(Beginning of SUPPLIED RECORDS)

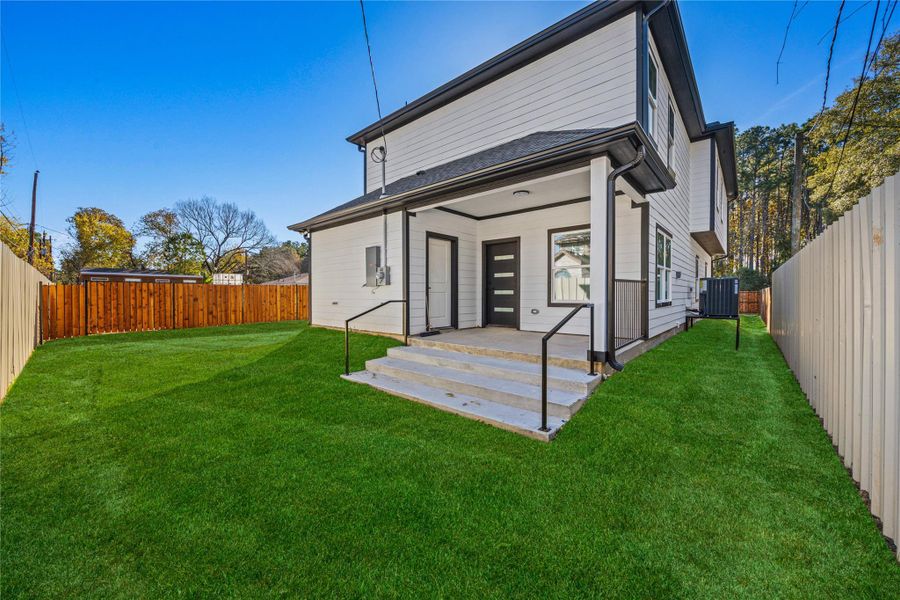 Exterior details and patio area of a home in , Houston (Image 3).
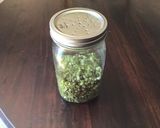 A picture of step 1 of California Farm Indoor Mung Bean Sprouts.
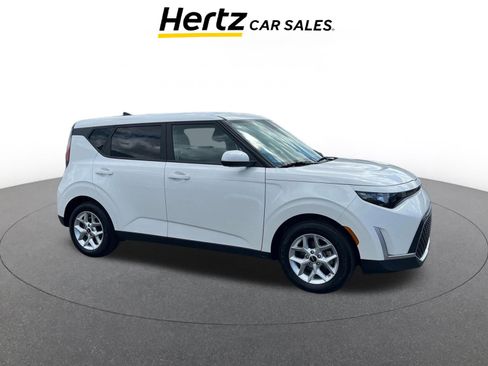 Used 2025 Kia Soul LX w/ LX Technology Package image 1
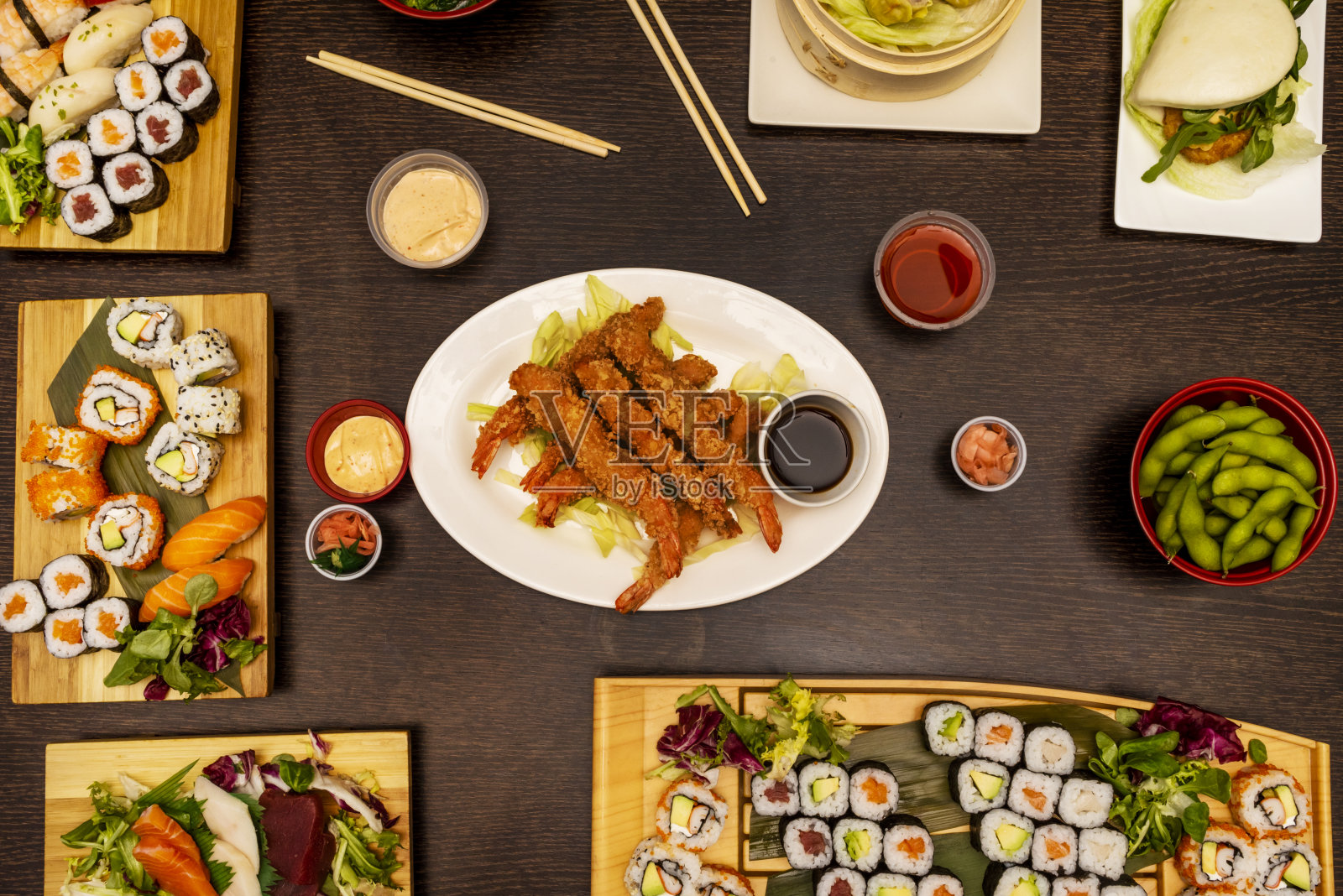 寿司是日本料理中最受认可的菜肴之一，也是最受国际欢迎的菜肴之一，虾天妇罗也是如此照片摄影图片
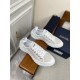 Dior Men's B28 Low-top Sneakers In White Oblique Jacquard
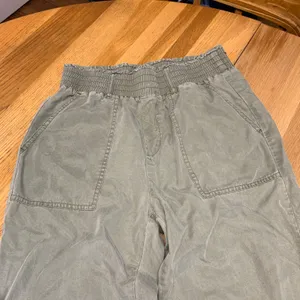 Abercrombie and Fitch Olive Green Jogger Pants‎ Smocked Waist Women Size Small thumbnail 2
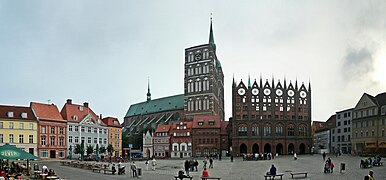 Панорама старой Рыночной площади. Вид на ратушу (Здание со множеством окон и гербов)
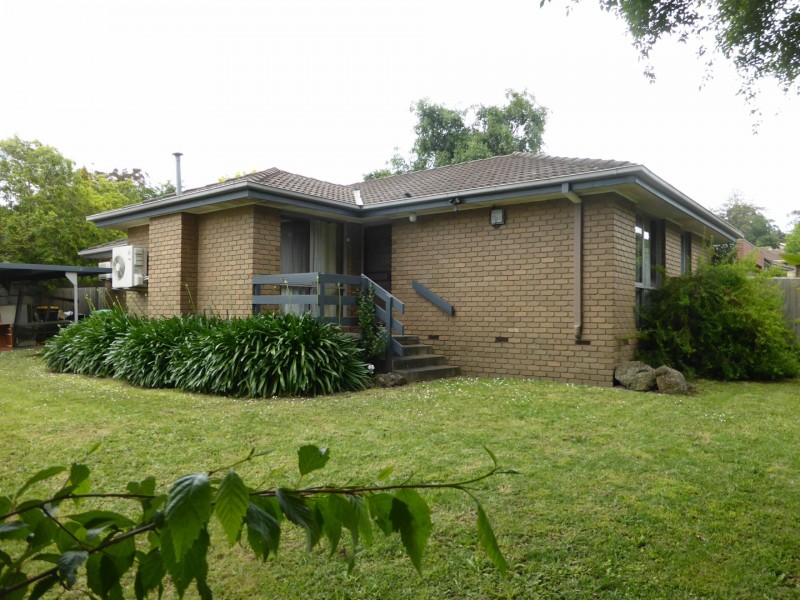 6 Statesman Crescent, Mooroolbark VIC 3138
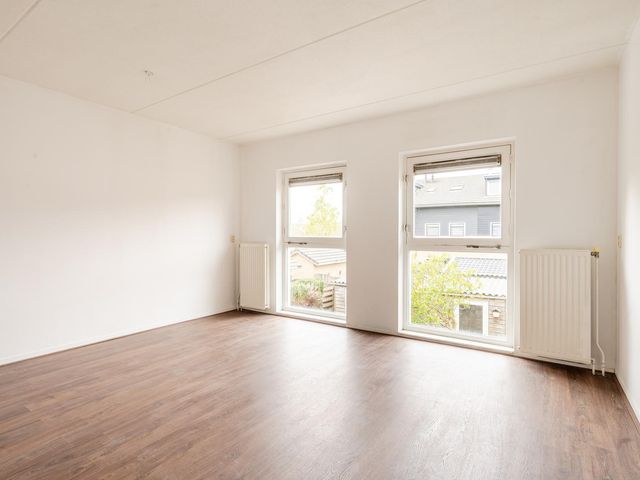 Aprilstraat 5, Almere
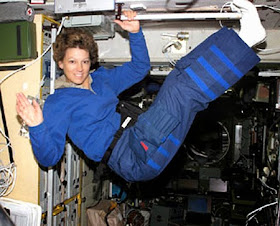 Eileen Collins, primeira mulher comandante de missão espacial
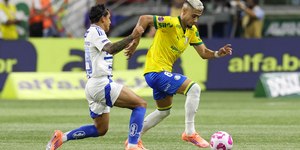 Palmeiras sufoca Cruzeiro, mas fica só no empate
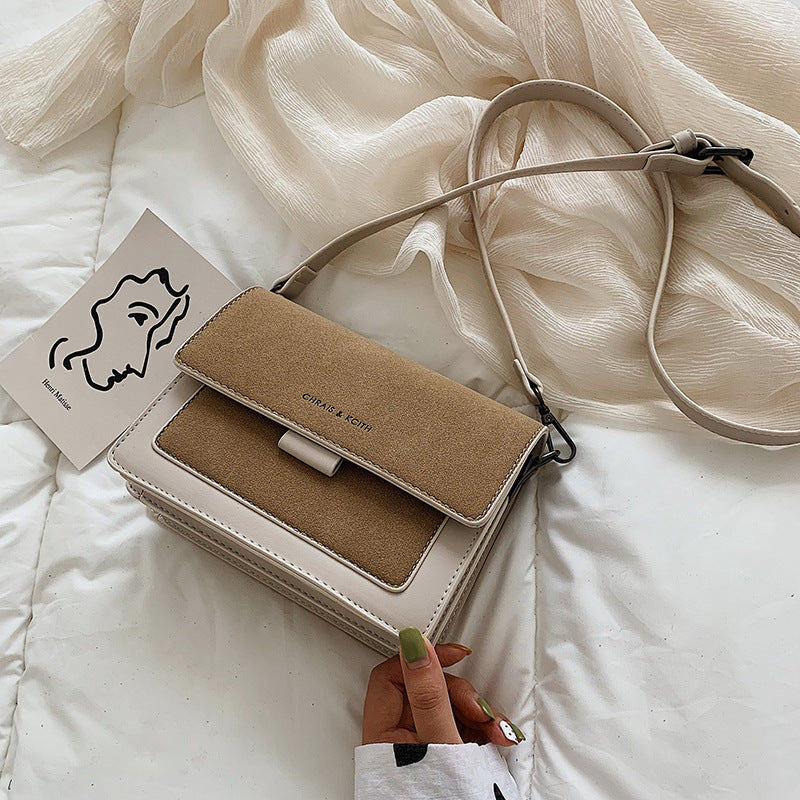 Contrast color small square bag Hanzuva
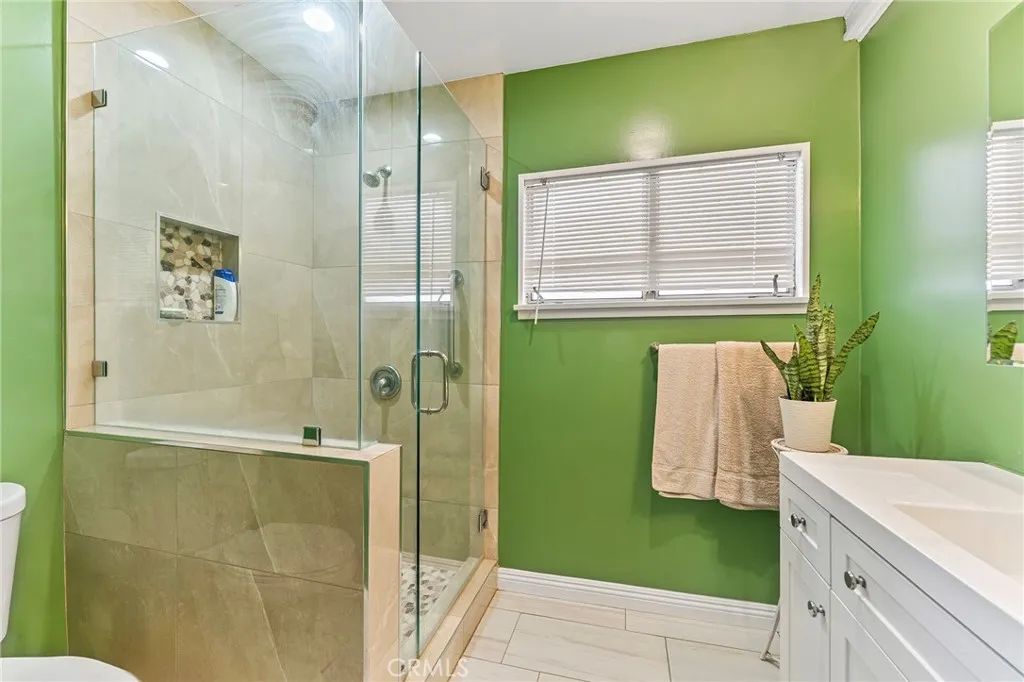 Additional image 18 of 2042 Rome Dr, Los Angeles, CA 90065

(End of SUPPLIED RECORDS)

[TASK GOAL]: A faithful, word-for-word copy of the records above, pictures left out, is the answer.

[ANSWER FOR THIS EXERCISE]:
 Exterior details and patio area of a home in , Houston (Image 3).
 A picture of step 1 of California Farm Indoor Mung Bean Sprouts.
 Used 2025 Kia Soul LX w/ LX Technology Package image 1
 寿司是日本料理中最受认可的菜肴之一，也是最受国际欢迎的菜肴之一，虾天妇罗也是如此照片摄影图片
 Dior Men's B28 Low-top Sneakers In White Oblique Jacquard
 Abercrombie and Fitch Olive Green Jogger Pants‎ Smocked Waist Women Size Small thumbnail 2
 Панорама старой Рыночной площади. Вид на ратушу (Здание со множеством окон и гербов)
 6 Statesman Crescent, Mooroolbark VIC 3138
 Aprilstraat 5, Almere
 Eileen Collins, primeira mulher comandante de missão espacial
 Palmeiras sufoca Cruzeiro, mas fica só no empate
 Contrast color small square bag Hanzuva
 Additional image 18 of 2042 Rome Dr, Los Angeles, CA 90065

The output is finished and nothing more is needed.